On February 1, 2023, New SRO published for comment its Proposal on Distributing Funds Disgorged and Collected through New SRO Disciplinary Proceedings to Harmed Investors (Proposal) as Notice 23-0010. Seven (7) comment letters were received in response to Notice 23-0010. We thank all commenters. Copies of the comment letters are publicly available on the CIRO website. A summary of the comments and our responses are available in Appendix A.
On June 1, 2023, New SRO changed its name to become Canadian Investment Regulatory Organization (CIRO).
In light of the developments since the Amalgamation (summarized below), we are republishing the Proposal, unamended, for public comment.
For this current Phase II, we have added to the original Proposal: (i) clarifications and further details in our responses to the comments (Appendix A), (ii) our impact assessment of the Proposal (Appendix B), and (iii) an updated list of consultation questions (below).
We encourage all stakeholders to review and comment upon this Phase II.
Currently, harmed investors cannot receive a payment from CIRO related to their losses even if disgorgement was ordered in disciplinary proceedings against their investment firm or investment advisor who breached the regulatory requirements. While disgorgement orders are not imposed for the purpose of compensating investors, the funds received under these orders could be distributed to investors to offset some of the losses they suffered as a result of the misconduct giving rise to the disgorgement order.
Between April 2009 and August 2024, in 89 enforcement cases, IIROC/CIRO hearing panels ordered over $9 million in disgorgement, of which IIROC/CIRO collected over $1.8 million. MFDA hearing panels, and now CIRO hearing panels under the Mutual Fund Dealer Rules, may also order disgorgement, which is included in the global monetary sanctions imposed on respondents and collected through the MFDA/CIRO enforcement proceedings.
In 2022, an internal IIROC working group (Working Group) reviewed regulatory models that exist in various jurisdictions for returning money to harmed investors from disgorged funds and prepared a proposal on how the disgorged funds collected through disciplinary proceedings could be distributed to harmed investors.
CIRO is an investment industry regulator and does not have the ability to order compensation or restitution to investors. CIRO’s focus is on compliance with and enforcement of high industry standards and regulatory requirements. There are several dispute resolution and compensation options available to investors in Canada: complaints to their firms, which may result in private settlement and, where unsuccessful, may be escalated to the Ombudsman for Banking Services and Investments (OBSI) or may proceed to arbitration or civil court.
As such, the Working Group published a proposal for the distribution of collected disgorged funds, which builds on CIRO’s current enforcement processes (which include disgorgement orders and collection of funds through CIRO disciplinary proceedings) to provide a mechanism for the distribution of these funds by CIRO to harmed investors.

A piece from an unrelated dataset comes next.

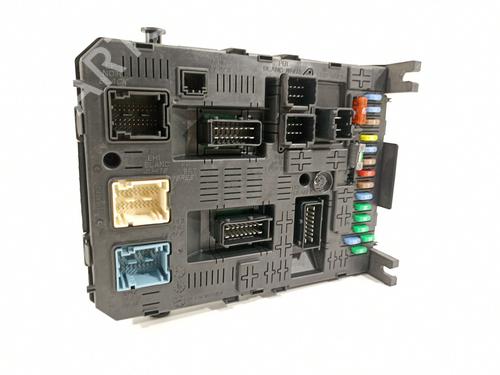 Used Fuse box PEUGEOT 5008 (0U_, 0E_) [2009-2017]  20323743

Since the Amalgamation and the February 2023 publication of the Proposal, CIRO has, among other initiatives:
We have considered the comments received through the public consultation on the Proposal and conducted an assessment of the Proposal’s impact on investors/clients, CIRO Dealers and CIRO (Impact Assessment). The Impact Assessment is attached as Appendix B. Based on the assessment, we have concluded that, by distributing the funds ordered by CIRO hearing panels to be disgorged from advisors or firms as a result of their breaches of the CIRO Rules2to harmed investors, the proposed disgorgement distribution program will enhance investor protection and market integrity in Canada.
The Proposal was drafted prior to the Amalgamation and the CIRO developments set out above.

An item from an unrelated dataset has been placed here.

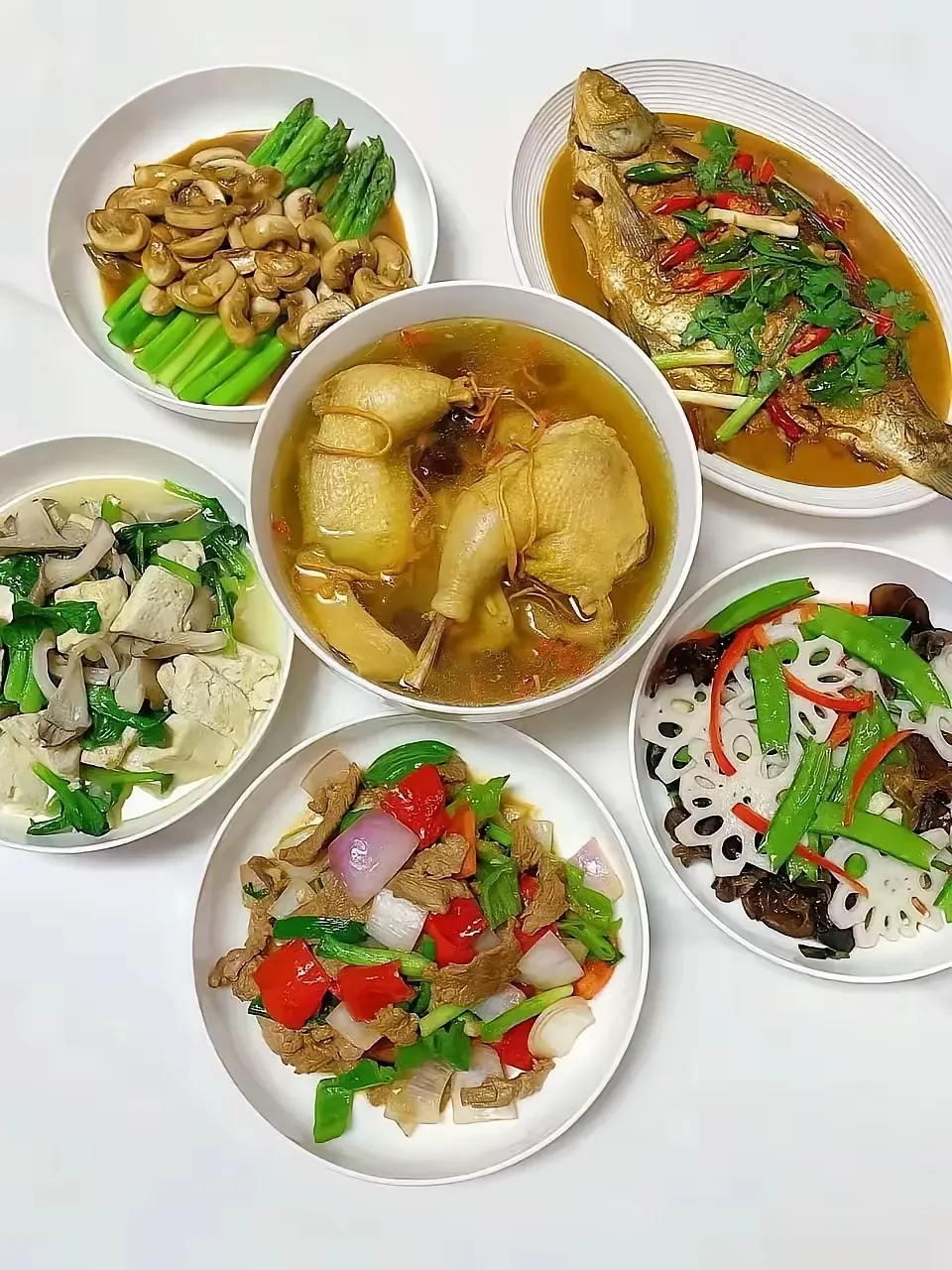 这桌菜放在广东普通家庭，属于什么样子的水平？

We received 7 comment letters in response to Notice 23-0010. A summary of the comments and our responses are available in Appendix A.
We have not received comments from or concerning the impact of the Proposal on mutual fund dealers and their clients.
In response to the comments to the Proposal, and in light of the developments since the Amalgamation, we are republishing the Proposal, unamended, together with a summary of the comments received, our responses and an impact assessment, for comment and inviting feedback from all stakeholders, including investors, the public, investment dealers, mutual fund dealers, and dual-registered firms and their Approved Persons and employees.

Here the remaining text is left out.